Closed jkbonfield closed 3 months ago
Thank you for this! Can you update the documentation as well please, doc/bcftools.txt?
So this change would, for example, allow -W=tbi
to work as a short option. It's not really the way short options are meant to be used with optional arguments however, but I feel it's less likely to be a source of confusion and questions than going with the official nomenclature of -Wtbi
(which still works).
It simplifies the usage too, as we wouldn't need to split it into -W[FMT], --write-index[=FMT]
.
It appears the frequent strategy though, if we want both long and short opts, is normally not to make them have optional args and have two options. Eg -W, --write-index
plus --index-fmt FMT
.
Thoughts?
diff --git a/vcfview.c b/vcfview.c
index c53ca1d0..43845af7 100644
--- a/vcfview.c
+++ b/vcfview.c
@@ -550,7 +550,7 @@ static void usage(args_t *args)
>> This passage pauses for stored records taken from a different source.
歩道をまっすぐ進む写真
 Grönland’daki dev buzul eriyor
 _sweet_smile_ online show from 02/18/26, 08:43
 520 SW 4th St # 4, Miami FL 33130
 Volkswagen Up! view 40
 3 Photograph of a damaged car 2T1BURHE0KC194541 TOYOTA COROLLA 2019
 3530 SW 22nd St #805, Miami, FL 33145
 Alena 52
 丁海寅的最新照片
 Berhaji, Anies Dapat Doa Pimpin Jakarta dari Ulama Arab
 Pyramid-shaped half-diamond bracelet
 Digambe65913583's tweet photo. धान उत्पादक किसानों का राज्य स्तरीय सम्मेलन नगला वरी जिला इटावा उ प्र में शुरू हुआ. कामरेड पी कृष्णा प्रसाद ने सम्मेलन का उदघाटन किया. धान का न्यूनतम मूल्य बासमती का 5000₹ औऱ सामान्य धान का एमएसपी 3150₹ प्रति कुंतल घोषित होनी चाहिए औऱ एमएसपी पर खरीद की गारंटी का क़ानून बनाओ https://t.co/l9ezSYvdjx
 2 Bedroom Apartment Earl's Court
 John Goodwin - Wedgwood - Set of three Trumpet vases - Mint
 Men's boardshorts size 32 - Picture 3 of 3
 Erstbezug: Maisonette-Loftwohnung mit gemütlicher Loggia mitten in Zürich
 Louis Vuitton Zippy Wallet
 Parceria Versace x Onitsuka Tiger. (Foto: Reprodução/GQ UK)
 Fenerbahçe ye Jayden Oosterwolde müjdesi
fprintf(stderr, " -u/U, --uncalled/--exclude-uncalled Select/exclude sites without a called genotype\n");
fprintf(stderr, " -v/V, --types/--exclude-types LIST Select/exclude comma-separated list of variant types: snps,indels,mnps,ref,bnd,other [null]\n");
fprintf(stderr, " -x/X, --private/--exclude-private Select/exclude sites where the non-reference alleles are exclusive (private) to the subset samples\n");
- fprintf(stderr, " --write-index[=FMT] Automatically index the output files [off]\n");
+ fprintf(stderr, " -W, --write-index[=FMT] Automatically index the output files [off]\n");
fprintf(stderr, "\n");
exit(1);
}
@@ -617,11 +617,11 @@ int main_vcfview(int argc, char *argv[])
{"phased",no_argument,NULL,'p'},
{"exclude-phased",no_argument,NULL,'P'},
{"no-version",no_argument,NULL,8},
- {"write-index",optional_argument,NULL,10},
+ {"write-index",optional_argument,NULL,'W'},
{NULL,0,NULL,0}
};
char *tmp;
- while ((c = getopt_long(argc, argv, "l:t:T:r:R:o:O:s:S:Gf:knv:V:m:M:aAuUhHc:C:Ii:e:xXpPq:Q:g:",loptions,NULL)) >= 0)
+ while ((c = getopt_long(argc, argv, "l:t:T:r:R:o:O:s:S:Gf:knv:V:m:M:aAuUhHc:C:Ii:e:xXpPq:Q:g:W::",loptions,NULL)) >= 0)
{
char allele_type[9] = "nref";
switch (c)
@@ -750,7 +750,7 @@ int main_vcfview(int argc, char *argv[])
break;
case 9 : args->n_threads = strtol(optarg, 0, 0); break;
case 8 : args->record_cmd_line = 0; break;
- case 10 :
+ case 'W' :
if (!(args->write_index = write_index_parse(optarg)))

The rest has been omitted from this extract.